Harry Jayawardena’s Melstacorp Ltd on Friday as promised withdrew its case in the Appeal Court against the Securities and Exchange Commission (SEC) over a mandatory offer issue but broke another promise – an assurance that it would abide by a March 5 ruling. Earlier Melstacorp by its letter dated June 28th had made an application to the SEC seeking a settlement agreeing to unconditionally follow the determinations of the SEC dated March 5 and to withdraw the writ application filed by them against the SEC, if the SEC would consider withdrawing the action filed in the Colombo Magistrate’s Court against the company and its Board of Directors.
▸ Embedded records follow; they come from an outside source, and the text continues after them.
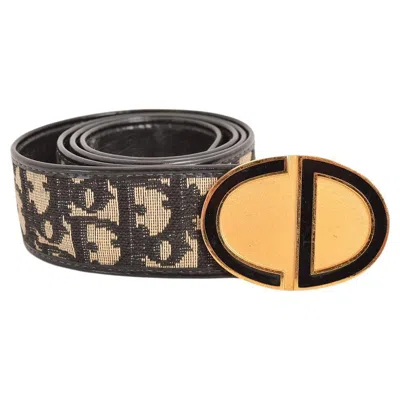 Pre-owned Dior 1970s Christian  Trotter Oblique Monogram Black Jacquard Enamel Buckle Belt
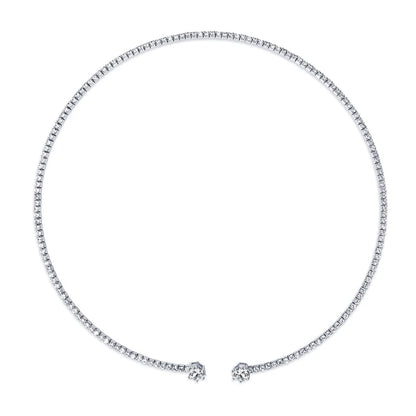 Anziw D1.60CT Heart Cut Moissanite Collar Open Tennis Necklace 925 Sterling Silver Choker for Women Fine Jewelry & Certificate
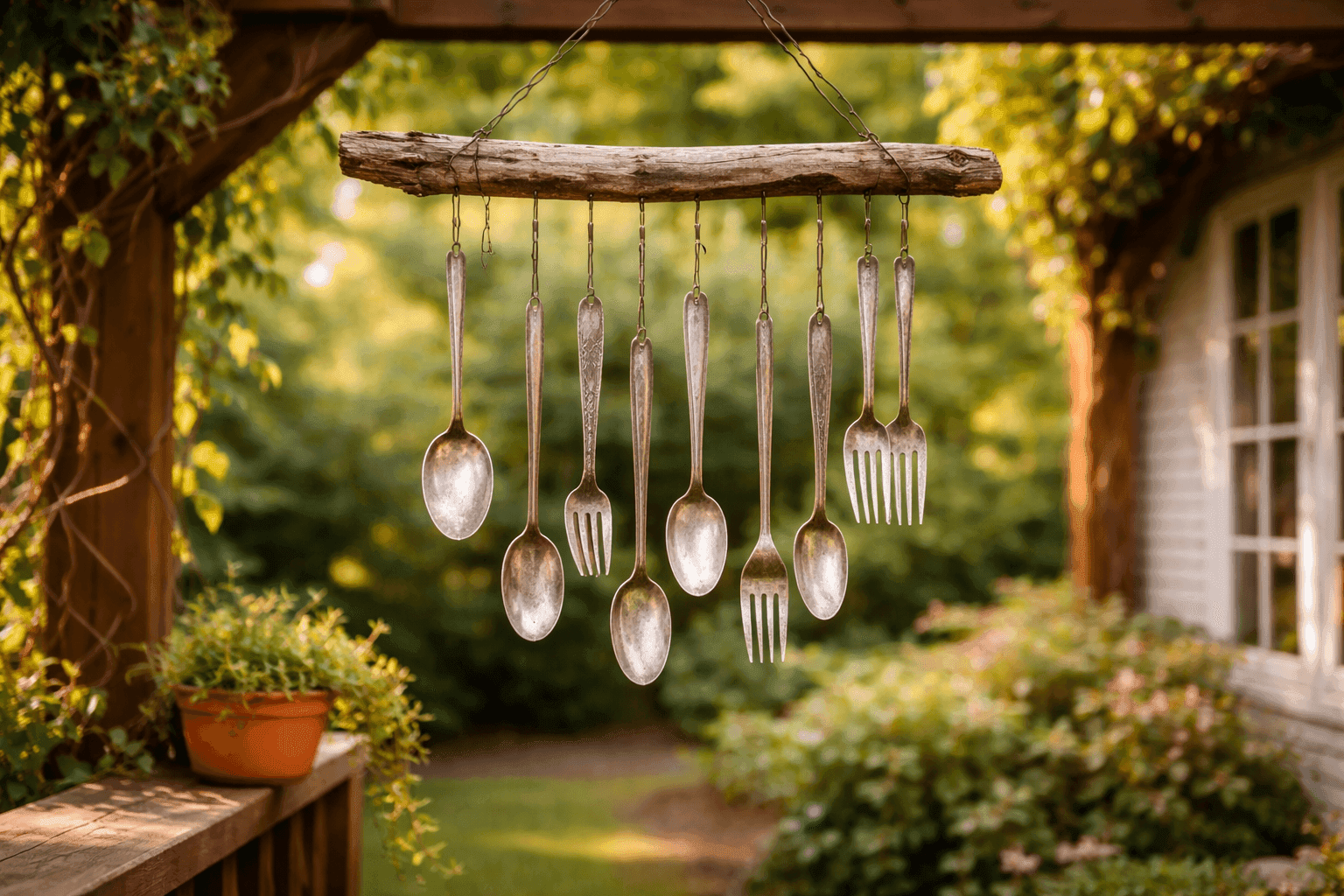 Handmade vintage silverware wind chime with mismatched spoons and forks hanging at varying lengths from a natural driftwood branch on a garden pergola in soft natural light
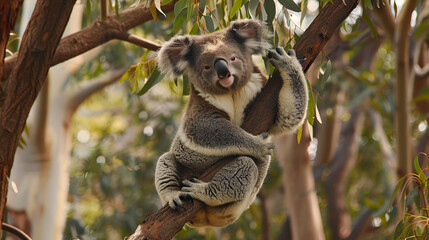 Obraz premium Low angle view of koala on tree,Magnetic Island,West Point,Queensland,Australia ai generative..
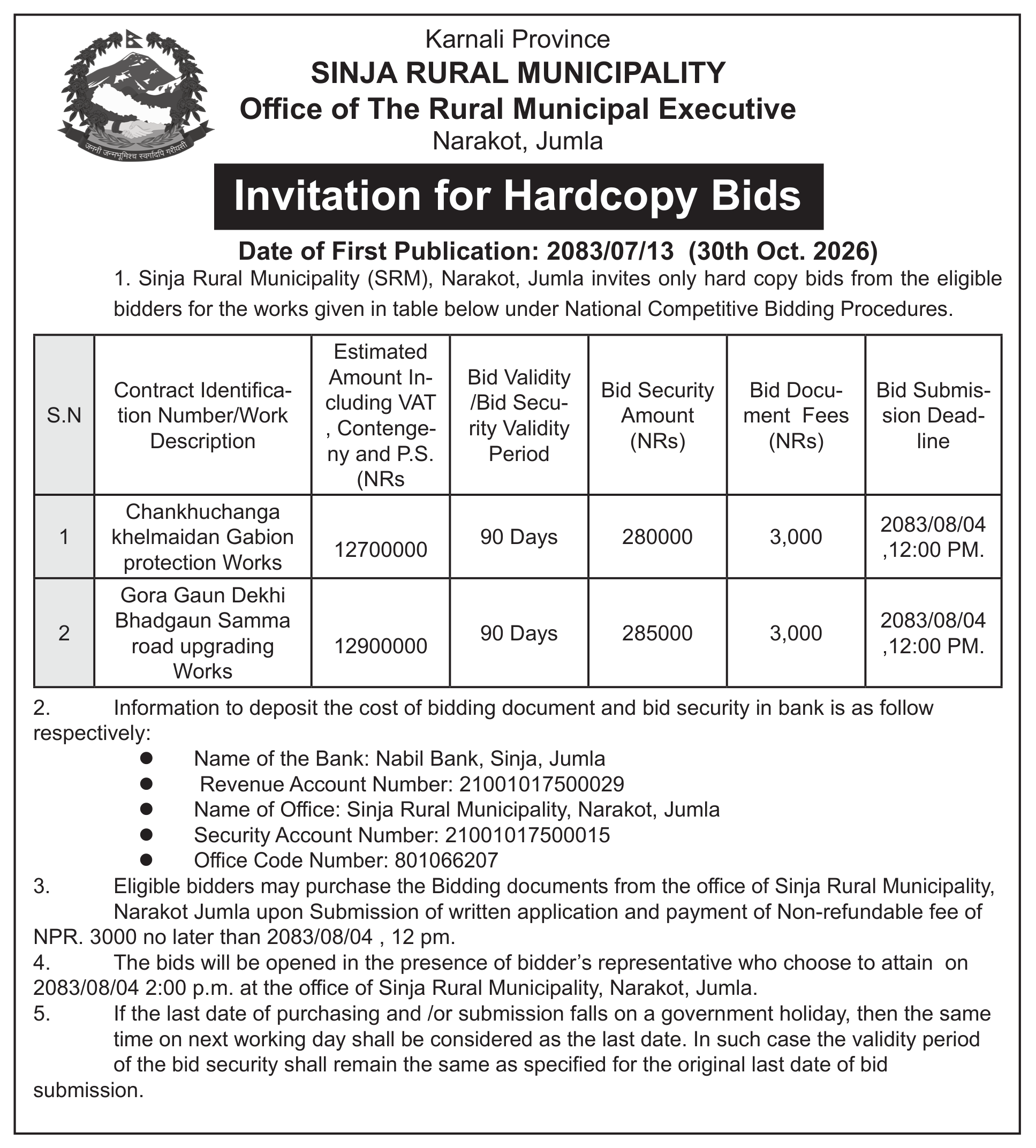 Tender notice as printed in Yugaawhan, 30 Oct 2026, page 3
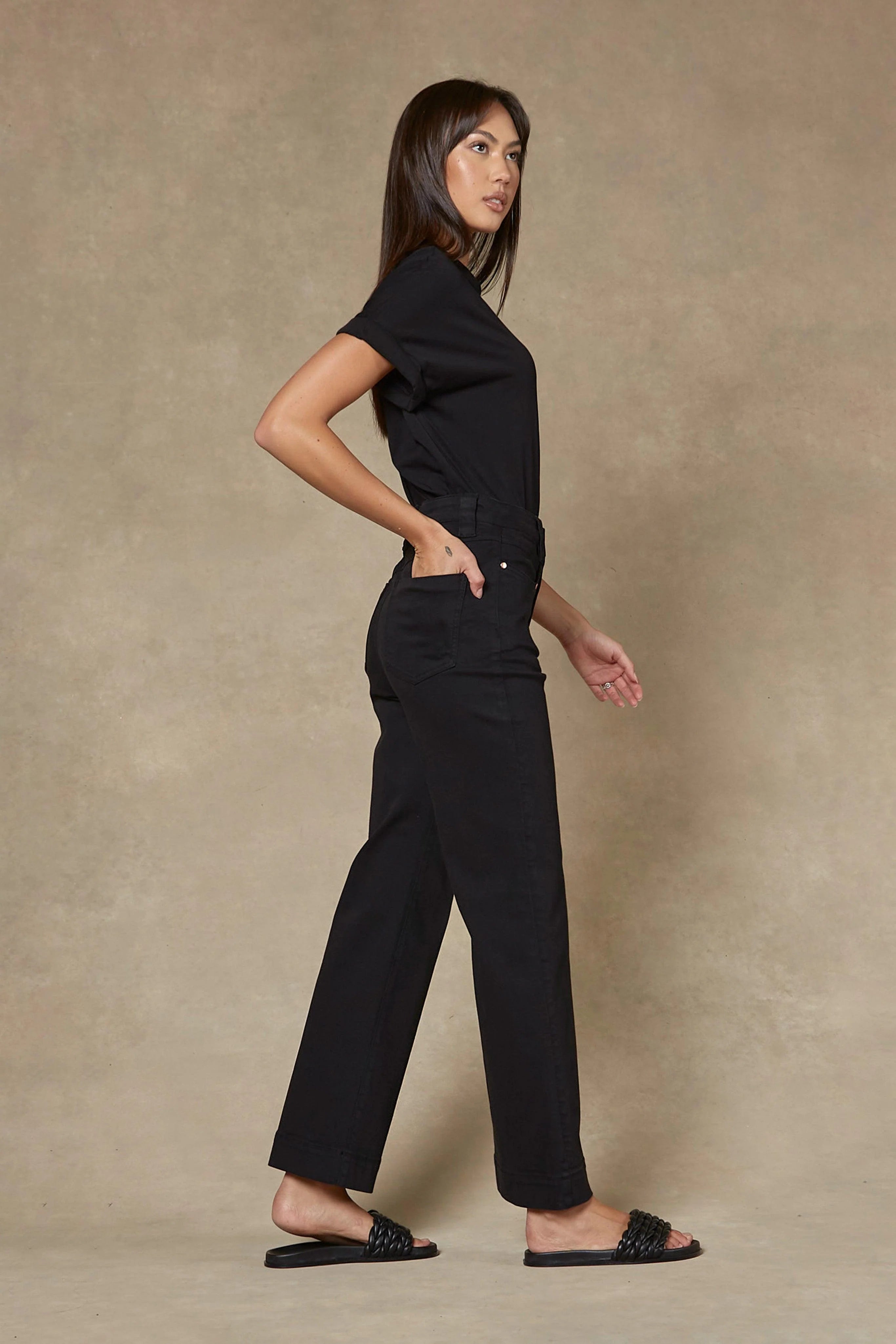 Dricoper | Maarte Wide Leg Jeans | Black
A week after the Magistrate’s Court case and Melstacorp’s assurance made in court, the company has written to the SEC saying according to fresh legal advice they have no obligation to fulfill the March 5 SEC ruling. “After making all these promises (to court), Harry Jayawardena comes up with a new tactic,” one SEC source said. Informed sources said the SEC has also been under pressure from ‘higher authorities’ for pursuing with the Magistrate’s Court case. The SEC had charged Melstacorp together with Milford Exports (Ceylon) Ltd and Distilleries Co. for failing to declare a mandatory offer after they purchased 36.27 per cent of voting rights of LMF on or around September 13, 2011, thus violating the SEC Takeovers and Mergers Code.
Melstacorp was also charged with buying another parcel of LMF shares without having made a mandatory offer. The company challenged the SEC ruling through the Appeal Court but later, during the Magistrate’s Court hearing, agreed to abide by the SEC decision. It was then decided that Melstacorp will withdraw the Appeal Court case and make the mandatory offer under stipulated conditions. The SEC on its part agreed to withdraw the Magistrate’s Court complaint based on that assurance. However while withdrawing the case on Friday, the issue still remains uncertain as Melstacorp is not about to follow the SEC ruling, which would mean the Magistrate’s Court case would continue. Last week, Mr Jayawardena and five other directors were released on Rs 2 million personal bail each by the lower court. Meanwhile pressure is mounting at the SEC over its probes and investigations into various stock market deals. “Morale is also low because of the uncertainty,” the source said. There were also unconfirmed reports of attempts to remove acting Director General Hareendra Disa Bandara and replace him with SEC Investigations Director Dhammika Perera.